BT&W: Would you put your hand out into the plum rain or eat the plum to find your regrets? We aren’t absolutely sure ourselves if we would do it or not!
Alex: I’m not sure either! But I think probably not. I don’t think you can really win with the plum rain, and you’re better off sticking with the life you actually have, warts and all.
BT&W: One of our favorite things is having a good cup of tea while reading a book. If The Winter Garden as a whole book is a certain flavour of tea, what would you pick?
Alex: I really like lapsang souchong tea, and I think this would be a good fit for the Winter Garden, as it makes me think of smoky bonfires and being outdoors.
BT&W: That ending… just wow! Without spoiling it too much, can you walk us through how you came to the ending and what it means to you?
Alex: I knew I wanted an ending that was mostly happy for the two main characters, without things being tied up too neatly. So I aimed for an ending that would feel satisfying to the reader and that both women are in some way free at the end. I wanted them to make peace with the decisions they’d made in their lives and to be ready to move forwards. I also wanted to explore the relationship between mother and child and to acknowledge that it’s a powerful bond, but that that doesn’t necessarily mean that a mother would always get things right or know what was best. I suppose I wanted to celebrate the imperfection as much as anything, and the fact that we all make mistakes all the time, even when we have the best intentions at heart.
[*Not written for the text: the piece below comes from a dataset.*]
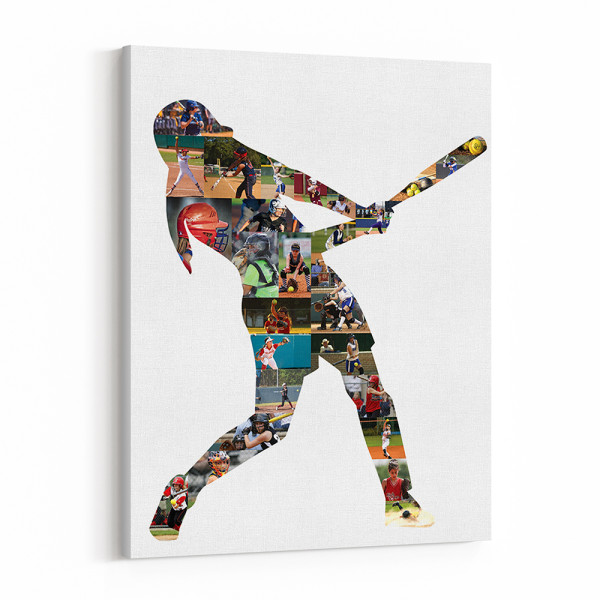 Softball Photo Collage Custom Canvas Print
BT&W: What is your writing process usually like? Does The Winter Garden have a playlist or anything that you listened to while writing or that you would recommend to readers who don’t want to leave that world just yet?
Alex: I find it really hard to concentrate on writing if there’s any music playing, so I try to work in silence as much as I can, although this isn’t always possible now that I have two young children. I used to enjoy writing at night because the house would be quiet and I knew I wouldn’t be disturbed, but now I have to be less precious about my preferences and just write whenever I find a spare moment.
BT&W: What are you currently reading now/ recommending to other readers?
Alex: I recently enjoyed reading The Plot by Jean Hanff Korelitz. Other than that, I’ve been reading a lot of Postman Pat books to my toddler, as they’re his current favourite.
BT&W: Do you have any new works on the horizon that readers should be looking out for and do you have any information that you can share with us on those projects?
Alex: I’m currently working on my children’s series, which is about a group of explorers who have underwater adventures, and the protagonist is part mermaid too. The most recent one - Explorers on Pirate Island - came out this month, and I love working on these books because they remind me of the stories I enjoyed as a child, and why I first wanted to tell stories of my own.